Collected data
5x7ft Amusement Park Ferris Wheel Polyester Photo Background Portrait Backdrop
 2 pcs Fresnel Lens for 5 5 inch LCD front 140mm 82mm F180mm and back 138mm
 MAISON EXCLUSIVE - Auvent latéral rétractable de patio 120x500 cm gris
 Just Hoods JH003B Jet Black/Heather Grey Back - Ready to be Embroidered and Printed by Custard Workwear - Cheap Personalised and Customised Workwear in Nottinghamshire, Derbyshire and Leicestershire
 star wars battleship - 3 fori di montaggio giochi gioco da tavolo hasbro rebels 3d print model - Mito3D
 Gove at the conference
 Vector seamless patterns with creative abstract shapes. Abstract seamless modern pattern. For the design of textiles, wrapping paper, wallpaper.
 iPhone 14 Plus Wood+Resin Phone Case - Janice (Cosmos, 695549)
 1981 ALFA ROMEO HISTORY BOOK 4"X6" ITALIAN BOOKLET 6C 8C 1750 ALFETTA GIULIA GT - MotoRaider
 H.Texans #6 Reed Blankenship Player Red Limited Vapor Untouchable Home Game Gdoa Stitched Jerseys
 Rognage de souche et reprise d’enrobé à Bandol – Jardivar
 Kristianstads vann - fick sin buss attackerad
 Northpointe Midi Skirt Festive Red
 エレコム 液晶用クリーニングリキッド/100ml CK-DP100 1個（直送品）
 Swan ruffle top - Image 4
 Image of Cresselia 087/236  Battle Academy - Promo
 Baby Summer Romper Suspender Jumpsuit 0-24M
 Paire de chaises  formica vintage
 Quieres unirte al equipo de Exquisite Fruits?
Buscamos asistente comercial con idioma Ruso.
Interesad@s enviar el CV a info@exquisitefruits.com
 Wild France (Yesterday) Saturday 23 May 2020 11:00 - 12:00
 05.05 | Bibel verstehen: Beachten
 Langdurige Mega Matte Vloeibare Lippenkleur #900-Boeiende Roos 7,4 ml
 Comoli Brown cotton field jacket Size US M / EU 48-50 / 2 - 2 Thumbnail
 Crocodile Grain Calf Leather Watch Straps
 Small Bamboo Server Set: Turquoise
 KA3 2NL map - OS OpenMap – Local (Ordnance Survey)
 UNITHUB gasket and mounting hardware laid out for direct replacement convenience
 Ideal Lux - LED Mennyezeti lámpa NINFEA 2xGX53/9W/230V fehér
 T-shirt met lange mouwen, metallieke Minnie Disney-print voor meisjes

**WORK REQUEST:** Above are the records. Copy every line in them holding "Image".

**TASK OUTPUT:**
 Swan ruffle top - Image 4
 Image of Cresselia 087/236  Battle Academy - Promo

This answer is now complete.